STEVEN VIOLIN, PORTFOLIO MANAGER, F.L.PUTNAM INVESTMENT MANAGEMENT COMPANY, WELLESLEY, MASSACHUSETTS
“In a lot of ways this delivered exactly what the market was expecting and eventually that is going to run out, but for the time being they are hewing very much to the script. They set out the expectation they are not going to change the policy course until they see a ‘string’ of higher inflation numbers which we’ve seen some evidence of, but how long that string is, is undefined. So at least they are going to give this some time until the base effects run out in terms of the comparisons versus a year ago.
“So far, maybe take that a step further, not much reaction in the stock market, not much reaction in the bond market either. To some extent that is evidence they’ve delivered exactly to expectations but that is going to run out at some point. There is still a disconnect – the market is expecting we will see a hike or two next year and the Fed is guiding that it is going to be a year or more until we see that shift So at some point those two are going to come into conflict but we just haven’t hit that point yet.
“If you want to read a little more into the release, there is a tangible upgrade in their assessment of the economy, both in terms of the labor market and there is a line in there in terms of the substantial risk posed by the pandemic that was just rephrased to say risks still remain rather than these are substantial risks. There is definitely a tiptoe towards a more optimistic assessment that is maybe in line with the market but it is very much tiptoeing in the direction of a stronger economic backdrop that could potentially justify tapering and eventual rate increases.”
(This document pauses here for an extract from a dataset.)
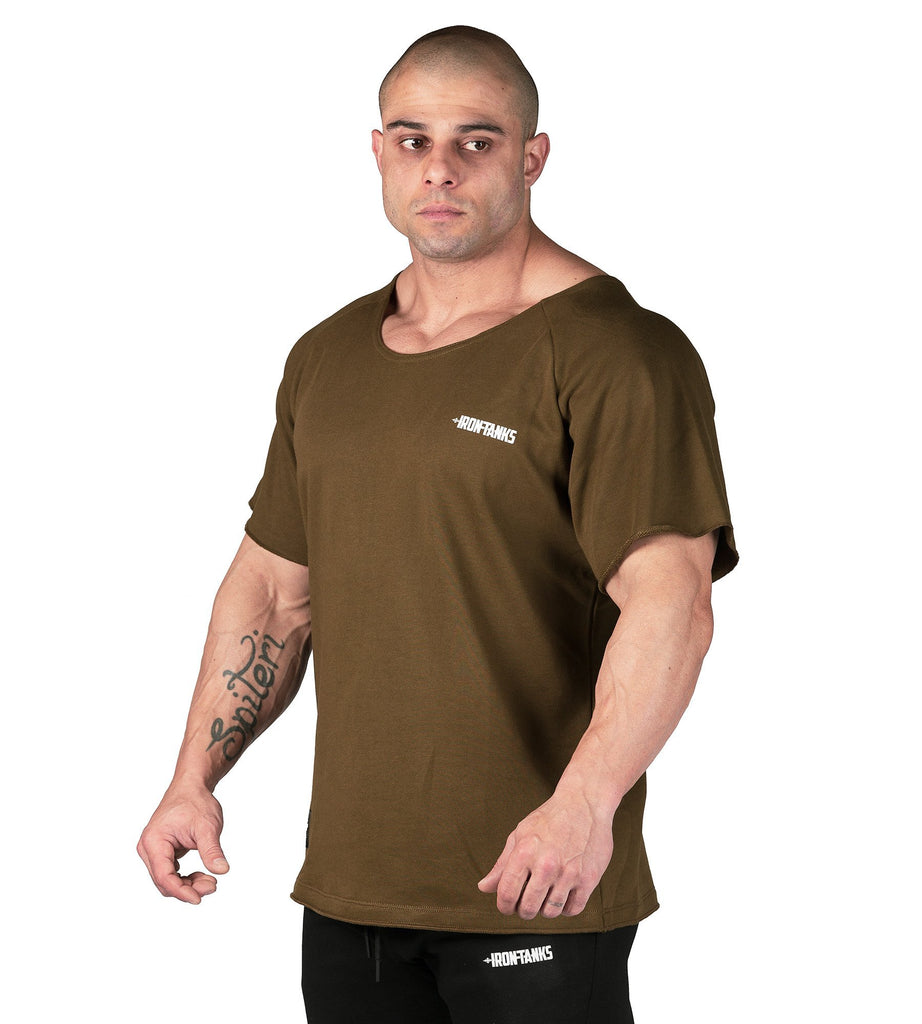 Men's BFG Heavy Rag Top Army Green Gym Shirt Workout | Iron Tanks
BRIAN COULTON, CHIEF ECONOMIST, FITCH (email)
“The Fed is sounding decidedly more upbeat on the economy but is in absolutely no rush to start debating modifications to its policy trajectory. The statement acknowledges the recent boost to the recovery from the vaccine rollout and fiscal policy easing and drops the word ‘considerable’ from its description of risks to the economic outlook. Nevertheless the pick -up in inflation is largely dismissed as transitory, sectors hit hardest by the pandemic are described as remaining weak and there is no hint that the ‘substantial further progress’ needed before tapering asset purchases is getting materially closer. We now think the Fed will start to discuss tapering over the summer but the actual taper probably still won’t happen until the turn of the year.”